Do those materials constitute education? Or advocacy?
Those who produced them say it’s the former.
Those who’ve seen them say it’s the latter. And they have the better argument.
Many of the materials in question were produced by MAVEN — the Metro Atlanta Voter Education Network.
Items produced by MAVEN thus far include well-polished TV and radio ads, a full-color brochure mailed to thousands of local residents and a 30-minute infomercial that aired on Cobb TV23. The county, to its credit, eventually decided to pull the infomercial after complaints from residents.
“They had concerns and thought that it could be perceived as advocating,” county spokesman Robert Quigley told the MDJ.
Indeed, there is no other conclusion that could be drawn by a fair-minded observer. None of the promo materials offer any other solution other than passage of the TSPLOST referendum. Although they don’t actually say “Vote for TSPLOST,” their content is about as subtle as a Lady Gaga video.
“It’s pure advocacy,” Cobb GOP Chairman Joe Dendy told the MDJ. “For the general population who does not look deeply into things, it’s going to affect their vote. That’s politics, although it doesn’t mean it’s right.”
MAVEN is sitting on a $2.1 million war chest with which to pay for its advocacy. Some of that money was raised from the private sector, but its fund also includes $370,000 dumped in by the tax-funded Cumberland Community Improvement District and $200,000 from the similarly funded Town Center CID.
Those CIDs are self-taxing entities that raise revenues by levying a 5-mill property tax on all non-residential property within their boundaries. They can then spend those funds however they choose, as long as it’s within the law.
Yet they also leverage those tax dollars to get federal tax dollars — and lots of them.
The Cumberland CID, for example, has raised $100 million in local taxes during its 20-year history. But it has used those dollars to win approximately $500 million in federal dollars during that same period. We’ll bet you a NYC subway token that the riders there don’t know they’re helping pay for a lavish Atlanta ad campaign in favor of the TSPLOST.
IS IT LEGAL for the CIDs to use tax dollars to help underwrite such an ad campaign?

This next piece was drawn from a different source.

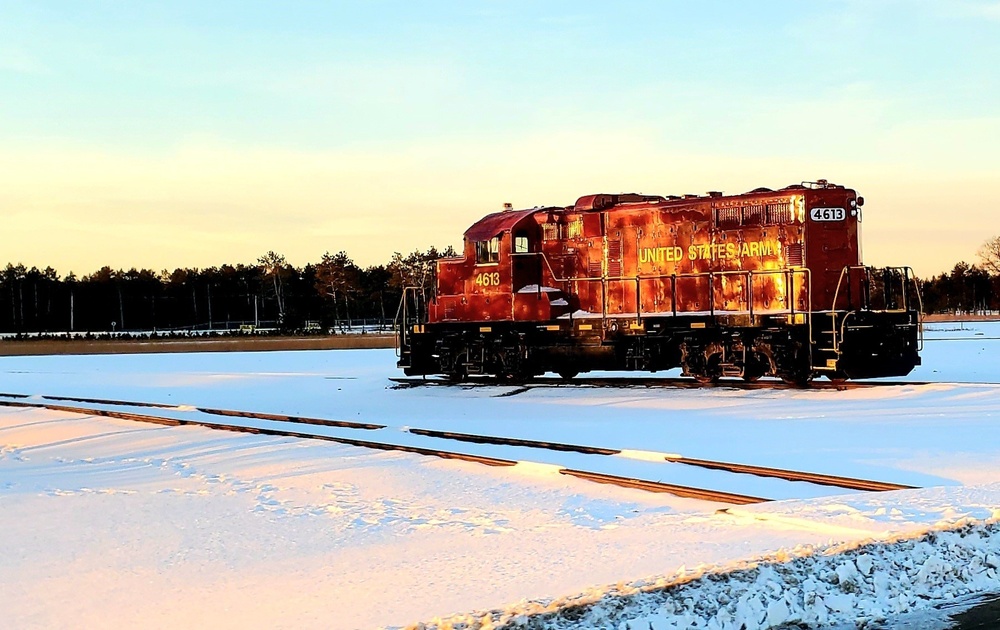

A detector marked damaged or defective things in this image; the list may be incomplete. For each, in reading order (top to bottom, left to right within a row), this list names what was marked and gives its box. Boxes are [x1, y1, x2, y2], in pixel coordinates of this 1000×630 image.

rusty locomotive body [398, 179, 920, 386]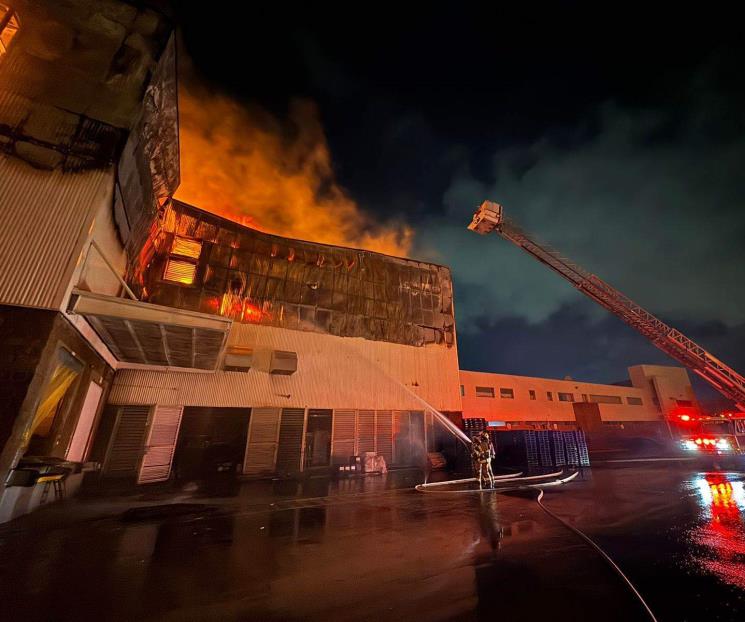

Marietta lawyer Lynn Rainey, who represents Cobb’s CIDs (and numerous others), says yes, it is legal, because MAVEN is serving a “nonpartisan, factually neutral” service.
Yet, as many have noted, the MAVEN ads are not exactly objective.
“If you are interested in educating the public, you should present both sides of the issue,” said one such critic, East Cobb Commissioner Bob Ott, who opposes the TSPLOST. “If you are going to only present one side or the other, I would say that group is an advocate.”
The issue has not been litigated in Georgia — yet. And even assuming such money can be used in that manner, who then “guards the chicken house”? Who decides where the line is between education and advocacy?
Standard practice during past SPLOST referendums has been for the governments and other entities who support passage to form a separate advocacy group — i.e., a “Friends of the Schools,” “Residents for Better Roads,” etc. — with a separate funding stream and separate leadership. But those pushing the TSPLOST are not bothering with such niceties and are using the CIDs as their piggybank.
Though some claim otherwise, there is little question that the CIDs are government agencies. They were created by the state Legislature at the behest of the Cobb Board of Commissioners, they raise taxes, they are subject to the Open Meetings and Open Records laws, and their meetings typically have a heavy presence of county staff. And there’s no question the county commission could rein in the CIDs if it desired to do so.
THERE’S NOTHING WRONG with the CIDs or county officials being enthusiastic over the TSPLOST. It’s appropriate to show strong leadership on such items. But such advocacy should be paid for with their own “dime,” not with tax dollars, even indirectly.
Cobb County just burned itself when this spring’s passage of a Sunday alcohol sales referendum was thrown out by a local judge for technical reasons, forcing a revote. Cobb and the other governments involved in the region’s TSPLOST need a second opinion from an authoritative legal source, not just someone with a vested interest in the outcome, on whether the CID’s contributions to MAVEN are legal. Moreover, that opinion needs to come, if at all possible, prior to the July 31 referendum, because it could really throw a wrench into things if it were to come afterward.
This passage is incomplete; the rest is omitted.